In between, I was in constant touch with our members. I received dozens of texts when Treasury Secretary Janet Yellen announced that SVB deposits would be protected. I don’t think anyone was surprised by this decision, but the decisiveness and speed with which the decision was announced was unexpected, causing a strange blend of euphoria and relief amongst our members.

From our three emergency sessions, as well as dozens of emails, texts and conversations, these are the most important lessons I learned.

A CFO cannot overcommunicate. CFOs have many, many stakeholders who value CFOs for their clear and insightful communications style. When SVB collapsed, employees were legitimately concerned about when they would receive their next paycheck. Suppliers were also concerned if the company would be able to honor its obligations to them. Investors and board members needed to understand the short-term viability of their companies, and customers share similar concerns. The CFO must communicate with all these parties in a proactive and straight-forward manner.

Diversification is critical. The $250,000 FDIC insurance limit is not sufficient for most companies, so spreading money at multiple financial institutions is critical. This is especially true given Secretary Yellen’s declaration that not all bank deposits will be protected in future bank failures. If you have all or most of your funds in a bank that enters receivership, it can impede growth, disrupt day-to-day operations (like payroll) and cause a loss of confidence in your constituents. I did a survey of CFOLC members a week after the crisis, and 31 percent still have their funds at only one bank. Presumably, most are actively looking to change this.

Bigger is better. I hate to categorize a financial crisis into winners and losers, but it’s clear that large financial institutions are likely to reap rewards for their financial stability. Bank of America, JPMorgan Chase and Wells Fargo were mentioned as institutions that members would be sending their money to, partly because they are deemed “too big to fail” and CFOs feel a high confidence in their stability if this becomes a full-blown banking crisis. As CFOs are reminded that preservation of capital is a critical duty, this trend feels likely to continue.

But speed matters, too. Many CFOs view smaller banks as having superior service than larger ones. While there is certainly no consensus on that point, CFOs still value a bank that can act quickly and are reaching out to them for that reason, despite the security associated with the largest banks.
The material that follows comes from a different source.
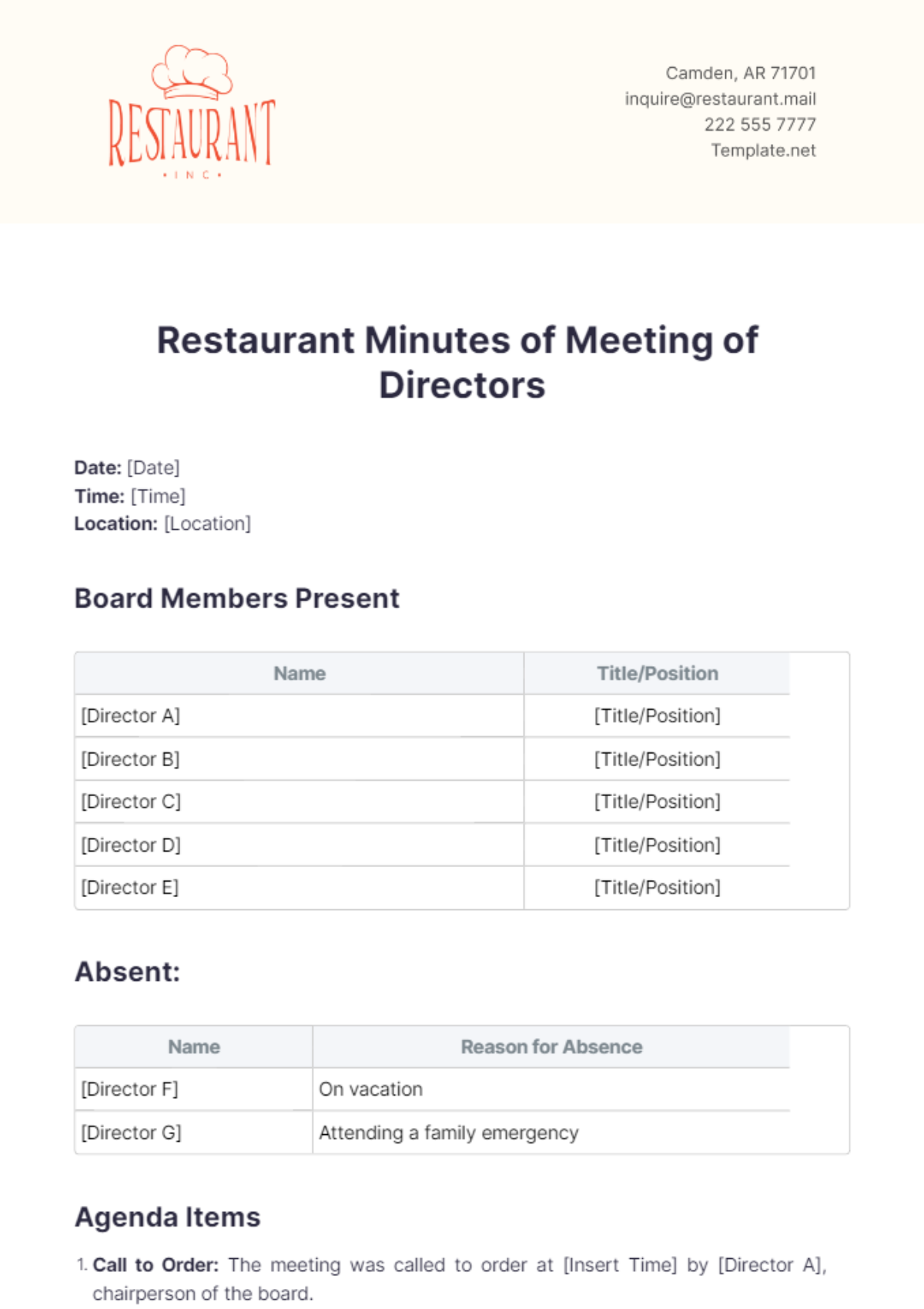 Restaurant Minutes of Meeting of Directors Template - Edit Online & Download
Several also noted that they moved their money to a community bank simply because it was easier to do so during the crisis. But while speed is critical, doing proper due diligence on your new bank is as well. Don’t make a mistake just because you are in a hurry to do something.

The right team is critical. In dealing with crises, CFOs must create a business model that is fast and flexible. It’s critical that CFOs invest in their team, not only in areas of recruiting and retention, but staff development. Investing in your team to ensure they have the right expertise, skills and even self-confidence to respond to a crisis is paramount. During an economic slowdown, it’s very tempting to stop these investments, but doing so could be catastrophic.